- Genre: Drama
- Created by: Village Boy Productions
- Screenplay by: Siddhartha Vankar Saurabh Dialogues Amit Jha
- Story by: Raakesh Paswan Vandana Tiwari
- Directed by: Rajesh Ram Singh Sandeep Vijay Vinod Laxmi Kumar
- Creative director: Neha Kothari
- Starring: Abhishek Rawat Kratika Sengar
- Music by: Aashish Rego
- Country of origin: India
- Original language: Hindi
- No. of seasons: 1
- No. of episodes: 123

Production
- Producer: Raakesh Paswan
- Production location: Jharkhand
- Running time: 22 Minutes

Original release
- Network: Zee TV
- Release: 23 February – 17 July 2015

= Service Wali Bahu =

Service Wali Bahu (Translation: "Working Daughter-in-law"; international Title: Bride With Benefits) is an Indian television drama show, which premiered on 23 February 2015 and It airs on Zee TV. The show produced by Raakesh Paswan, under Village Boy Production.

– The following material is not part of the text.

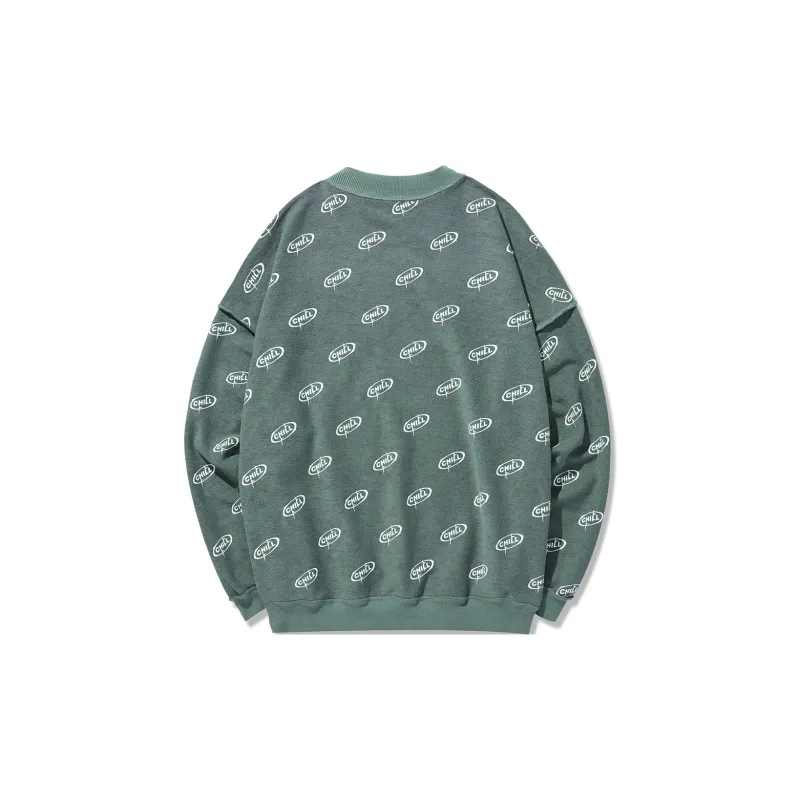 GUKUUL Reversible Letter Print Crew Neck Pullover Sweatshirt Unisex-8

The show starring with Abhishek Rawat and Kratika Sengar in lead roles. The show also feature Akshara Singh, Vineet Kumar Chaudhary, Atul Srivastava, Pratichee Mishra, Ramakanth Daayama and Meena Mir in pivotal roles.

==Cast==
- Kratika Sengar Dheer as Payal Dev Prasad
- Abhishek Rawat as Dev Jogeshwar Prasad
- Atul Srivastava as Jogeshwar Prasad(Natru), Dev's Father, Payal's Father-in-law
- Vineet Kumar Chaudhary as Ayodhya Prasad
- Akshara Singh as Gulkand Ayodhya Prasad
- Rammakanth Daayama as Bhuvneshwar Rai, Payal's Father
- Pratichee Mishra as Santoshi Prasad, Payal's Mother-in-law
- Meena Mir as Indu Rai
- Rocky Verma as Dubeyji (Secretary)

==Production and casting==
The show is produced by Raakesh Paswan, under his own Village Boy Productions. The show feature actors Abhishek Rawat and Kratika Sengar in lead roles. Actor Abhishek Rawat is playing the role of Dev, a jobless person, And actress Kratika Sengar is playing the role of Payal, a civil engineer.

The show was promoted in Delhi on 20 February 2015.